Kuzey Ege Denizi'nde yer alan Kuzey Ege Trough Sistemi, normal ve doğrultu atımlı faylar içeren karmaşık bir fay sistemidir. Kuzey Anadolu Fayı'nın deniz altındaki devamı niteliğinde olan bu fay, Ege Denizi çevresindeki deprem potansiyelini artıran önemli bir sistemdir.

 Deprem Riski ve Alınması Gereken Önlemler Neler?

Türkiye, jeolojik yapısı gereği deprem riski yüksek bir ülke. Kuzey, doğu ve batı kesimleri başta olmak üzere birçok bölge, aktif fay hatları üzerinde yer alıyor.

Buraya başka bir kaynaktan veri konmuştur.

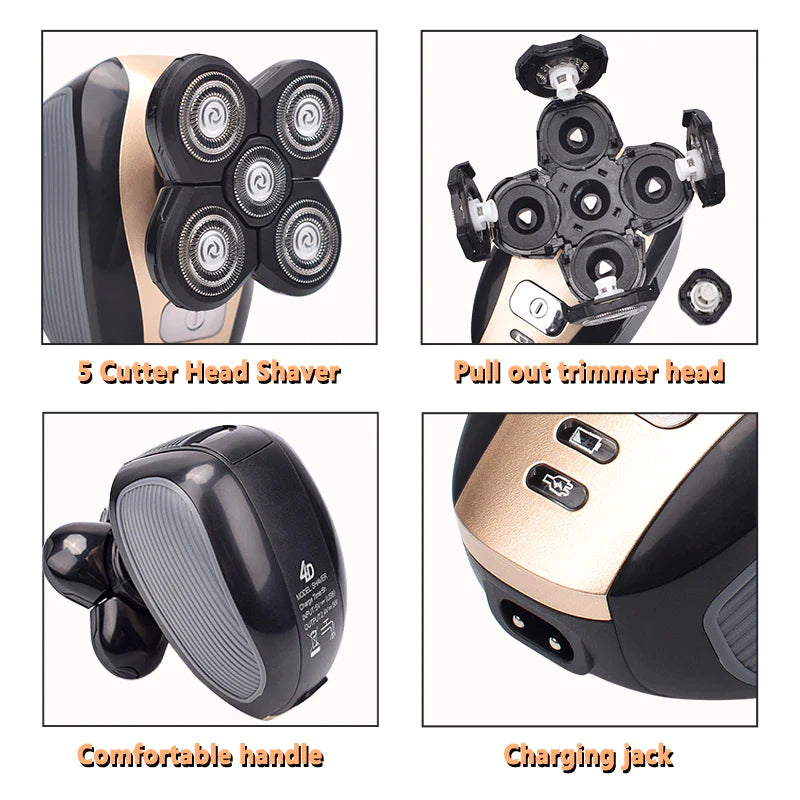 Revolutionary 5-in-1 4D Rotary Electric Shaver & Trimmer - Perfect for Bald Heads and Beards, Rechargeable and Versatile!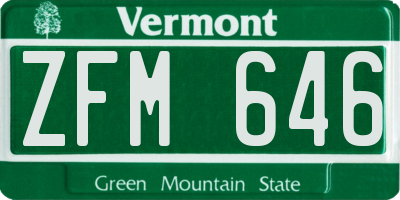 VT license plate ZFM646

Bu nedenle, Türkiye’nin deprem gerçeğini göz önünde bulundurarak alınması gereken bazı önlemler hayati önem taşır:

1. Depreme Dayanıklı Yapılaşma: 

Özellikle fay hatları üzerinde yer alan yerleşim bölgelerinde, depreme dayanıklı binalar inşa etmek en önemli önlemdir. Bina inşaatlarında kullanılan malzemelerin kalitesine dikkat edilmeli ve inşaat süreci sürekli denetlenmelidir.

2. Deprem Eğitimleri ve Bilinçlendirme: 

Halkın, deprem anında nasıl davranması gerektiği konusunda bilinçlendirilmesi büyük bir öneme sahiptir. Okullarda, iş yerlerinde ve toplu yaşam alanlarında düzenli deprem tatbikatları yapılmalıdır.

3. Erken Uyarı Sistemleri: 

Deprem erken uyarı sistemleri, büyük depremler öncesinde insanlara uyarı göndererek can kaybını önleyebilir. Bu sistemlerin Türkiye genelinde yaygınlaştırılması ve teknolojiye uygun hale getirilmesi gerekmektedir.

4. Afet Yönetimi ve Planlama: 

Deprem sonrası kurtarma çalışmalarının hızlı ve etkin bir şekilde yürütülmesi için kapsamlı afet yönetim planlarının oluşturulması şarttır. Afet yönetiminde kullanılan ekipmanlar ve eğitimli personel sayısı artırılmalıdır.

5. Kentsel Dönüşüm Projeleri: 

Türkiye’nin deprem riski yüksek bölgelerinde bulunan eski binaların kentsel dönüşüm projeleri kapsamında yenilenmesi, yapıların depreme dayanıklı hale getirilmesini sağlar.Türkiye’de yer alan başlıca fay hatları ve deprem riskleri göz önünde bulundurulduğunda, bireysel ve toplumsal olarak alınması gereken önlemlerin önemi bir kez daha ortaya çıkıyor. Jeolojik yapısı nedeniyle sürekli olarak depremlerle yüzleşen ülkemizin, bu gerçeği kabul edip, depreme karşı daha hazırlıklı olması gerektiği bir gerçek.